I am currently working through Bishops' Pattern Recognition and Machine Learning where the following issue came up.
It is closely related to the unanswered post below, but I wanted to propose a more formal approach. Confusion about the use of the MLE & the posterior in parameter estimation for logistic regression
The confusion arises in Bishops chapter 4, when he introduces logistic regression for a two-class problem where he estimates the posterior $p(C\mid x)$ by ML. Just a few paragraphs above he had shown how to calculate the likelihood for MLE estimates of means and variances of two Gaussian class-conditional distributions.
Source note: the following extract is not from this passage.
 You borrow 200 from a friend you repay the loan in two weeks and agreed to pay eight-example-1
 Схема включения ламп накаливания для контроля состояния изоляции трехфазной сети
Therefore, the product of the joint distribution accross all samples is calculated and the log-likelihood is then minimized.
Introducing the MLE for logistic regression for the $w$ parameters in the sigmoid $\sigma(w^Tx)$ however, it appears that he only takes the product of the posterior probabilities $p(C=t_i \mid x_i)$ (approximated for members of the exponential family by sigmoids $\sigma(w^Tx)$) and comes up with the logistic cross-entropy loss function $$\ell(w) = \sum_i t_i \log(\sigma(w^Tx))+(1-t_i)\log(1-\sigma(w^Tx)).$$ Then he goes on discussing properties of the function and minimization algorithms.
Now, my problem: Why can he apparently start logistic regression MLE from the product of posteriors $\prod_i p(C=t_i\mid x_i)$? If you like, in the post cited above you can find an (incomplete) motivation for this that I suggested.
Here I wanted to propose a slightly different approach for an answer and ask for your opinion.
Isn't he actually only pararmetrizing the posterior with the sigmoid function? So maybe a more complete derivation of log-reg. MLE could read:
\begin{align} \ell(w) &= \log\prod_{i=1}^N p(C=1, x_i)^{t_i} \cdot p(C=0, x_i)^{1-t_i} \\[8pt] &= \log\prod_{i=1}^N p(C=1\mid x_i)^{t_i} \cdot p(C=0\mid x_i)^{1-t_i}~~p(x_i) \\[8pt] \end{align}
and only then parametrize $p(C\mid x)=\sigma(w^Tx)$ to obtain $$\ell(w) = \sum_i t_i \log(\sigma(w^Tx))+(1-t_i)\log(1-\sigma(w^Tx))+log(p(x_i)).$$
Finally, as the marginal $p(x)$ is not parametrized with $w$ it will not influence the minimum-location w.r.t. $w$.
Intuitively this seems to make some sense, as the log-reg just gives a (linear) discriminant depending on the targets and does not provide (being a probabilistic discriminant) an estimate for the marginal/unparametrized $p(x)$.
Is this a valid starting point for thinking about this?